The commission, which is considering a city recommendation to protect 11% of the island’s land mass, decided Wednesday to seek a state Department of the Attorney General opinion as to whether the city properly followed one element in a state law governing how the city decides what land deserves protection.
Wednesday’s unanimous move by LUC members followed a hearing in April at which the commission heard a daylong barrage of landowner complaints about their property being recommended for protection.
“There is a lot of angst
out there,” said commissioner Arnold Wong. “It deals with a lot of peoples’ livelihoods.”
Wong made the motion to seek the Attorney General opinion after commissioners spent about two hours in a private executive session discussing legal matters with a deputy Attorney General representing the commission.
The specific issue to be examined is whether the city applied all eight criteria of a state law that instructs the city to assess what privately owned farmland should be protected. The city’s recommendation is to be acted upon by the LUC, which may approve, reject or modify the recommendation.
Under this law, land doesn’t have to meet every criteria, and can be given
an initial consideration for protection by meeting a single criteria. However, the law also states that designating land for protection “shall be made by weighing the standards and criteria with each other.”
Dawn Apuna, deputy director of the city Department of Planning and Permitting, told the commission in April that the city’s assessment of land included weighted scoring of all eight criteria, and that to be as inclusive as possible land was recommended for protection if any one of three top-weighted criteria was met.
These three criteria are prime soil quality, water availability and existing agriculture use.
The other five criteria describe land that:
>> Contributes to maintaining a critical land mass important to agricultural operating productivity.

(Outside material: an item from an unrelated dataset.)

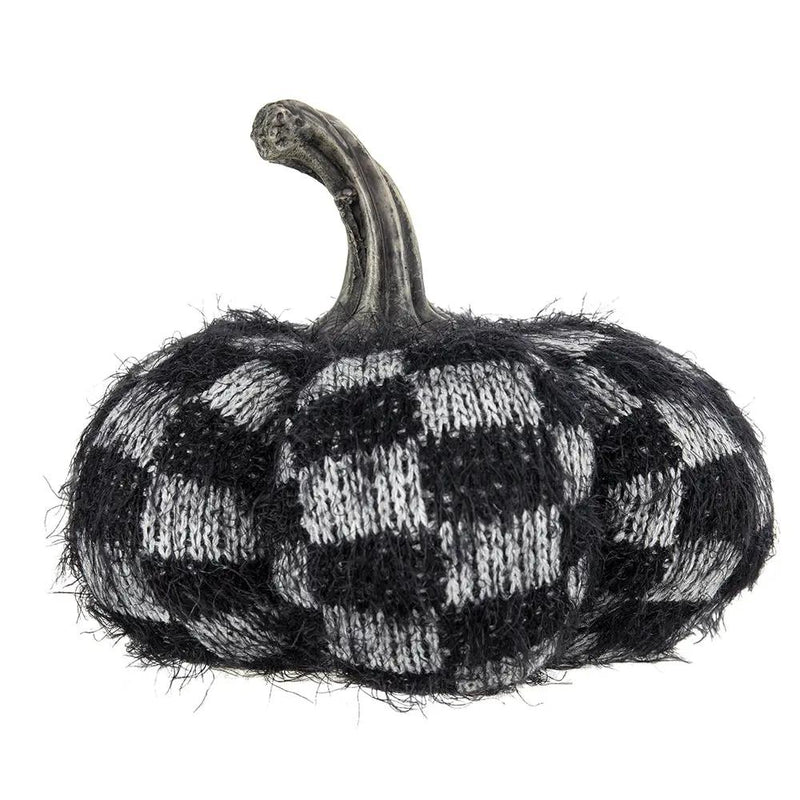 Set of 2 Fabric Black Pumpkins by HouseOfZazla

>> Includes or is near support infrastructure conducive to agricultural productivity.
>> Is associated with traditional Native Hawaiian or unique agricultural uses, which include taro, coffee, vineyards, aquaculture and energy.
>> Is already identified under an agricultural productivity rating system.

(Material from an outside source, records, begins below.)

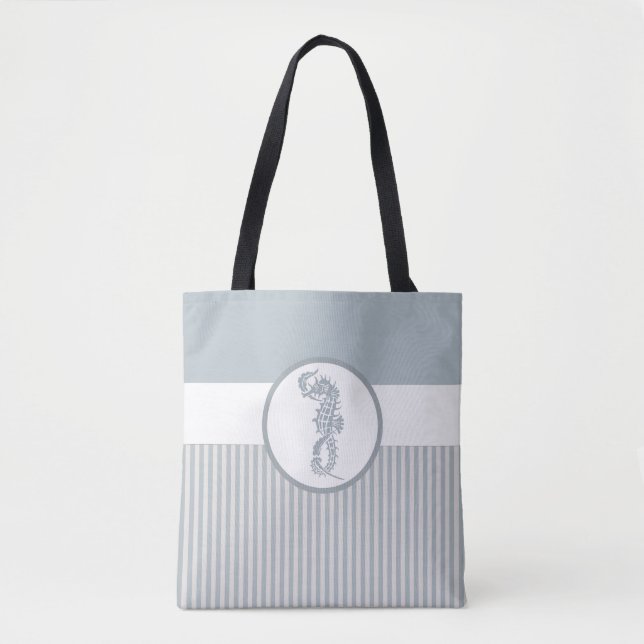 Seepferd Blue Classic Nautical Elegante (Vorderseite)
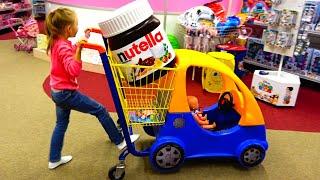 Polina and Supermarket song for kids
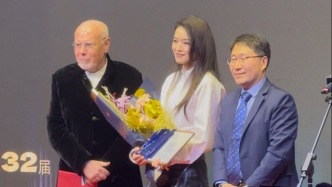 舒淇上海獲獎：感謝上海這座電影之城，你們眼光太好了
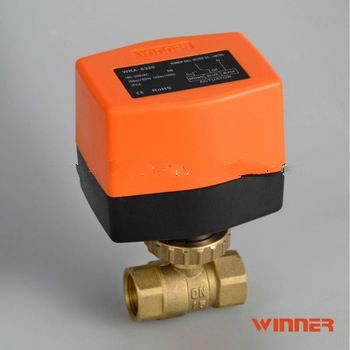 24v AC on/off 2-way motorized ball valve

>> Whose designation as important is consistent with general, development and community plans of the county.
Protecting such land aims in part to support more
local food production, and protects the state ag-use classification on property from being changed by
requiring the LUC to consider additional criteria for any future change.

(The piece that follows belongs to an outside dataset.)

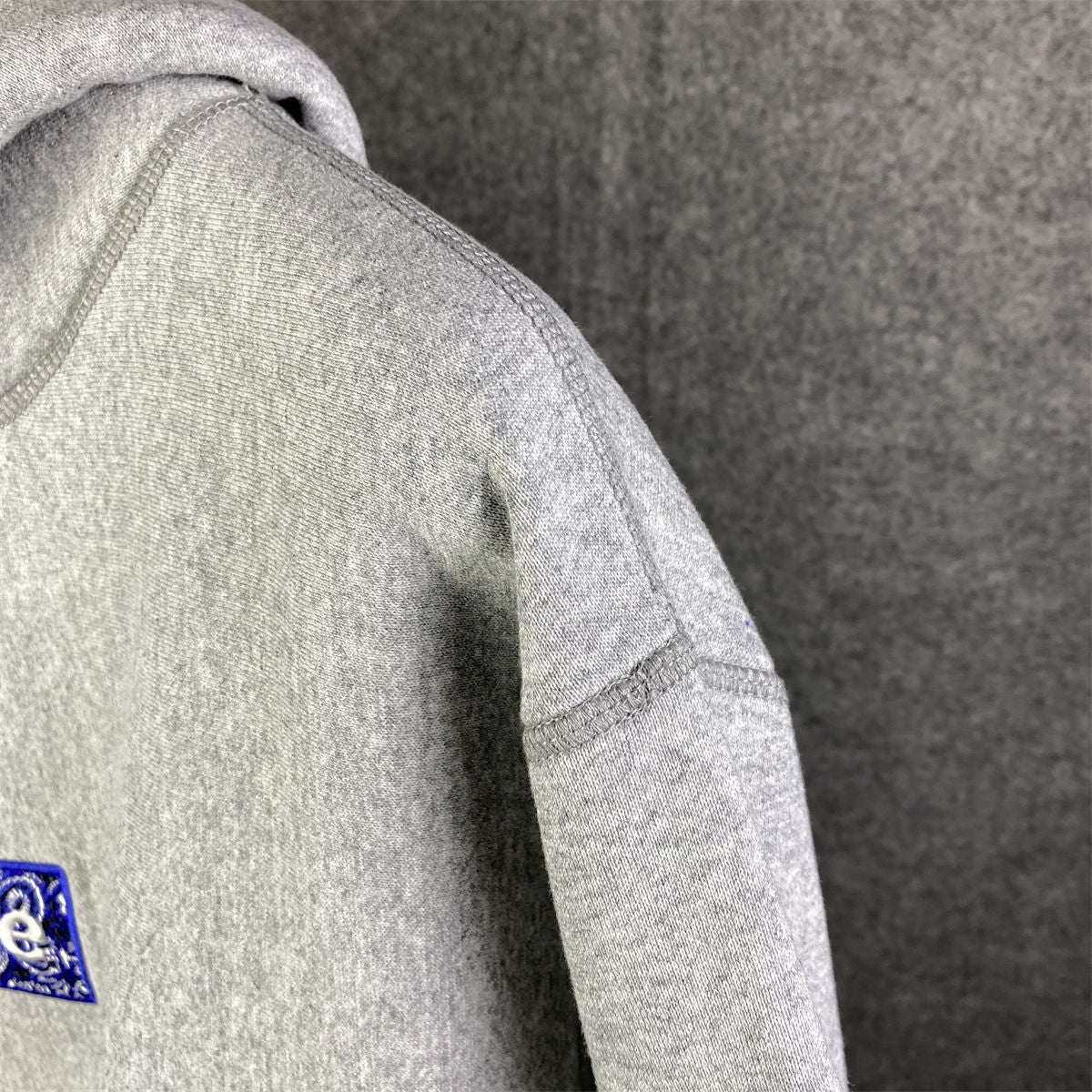 Supreme Bandana Box Logo Hooded Sweatshirt 'Heather Grey'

The effort to protect important ag land statewide stems from a 2005 state law enacted in response to a long-ignored Hawaii Constitution amendment ratified by voters in 1978 mandating that prime farmland be identified and protected.
This law established incentives for private landowners to seek the protection themselves, and several of the state’s biggest landowners did so. The law also directed each county to identify land for protection, and Honolulu was the first to complete the task with a recommendation to protect 1,781 parcels.
The city’s work began in 2011 and included assessments of land quality, community meetings, sending letters to affected landowners, a comment period, an opportunity to object, City Council hearings and Council approval.
City officials along with the state Office of Planning and state Department of Agriculture endorsed the city’s work as meeting all requirements.
Yet many affected landowners complained to the LUC that they weren’t informed, and some also said they were alarmed after receiving a letter from the Durrett Lang Morse LLLP law firm warning them about how the protection would diminish their rights to use their land.
DPP’s Apuna has said the protection doesn’t materially reduce currently allowed uses of ag land, and noted that some landowners who expressed concern about not being able to legally keep a home on their land if their land is protected could be in present violation of state law.
On Wednesday, LUC Chairman Jonathan Likeke Scheuer questioned whether the adverse impact claim made by the law firm is valid, but recognized that some landowners have significant concerns and haven’t benefited from better communication.
“I still have very very significant concerns,” he said, adding that if the Attorney General review is favorable to the city then he sees merit in a proposal put forth by the Office of Planning to exclude all or the vast majority of parcels that are no more than 2 acres.
“This has been a difficult proceeding so far, and we’re not even close to being done,” Scheuer said.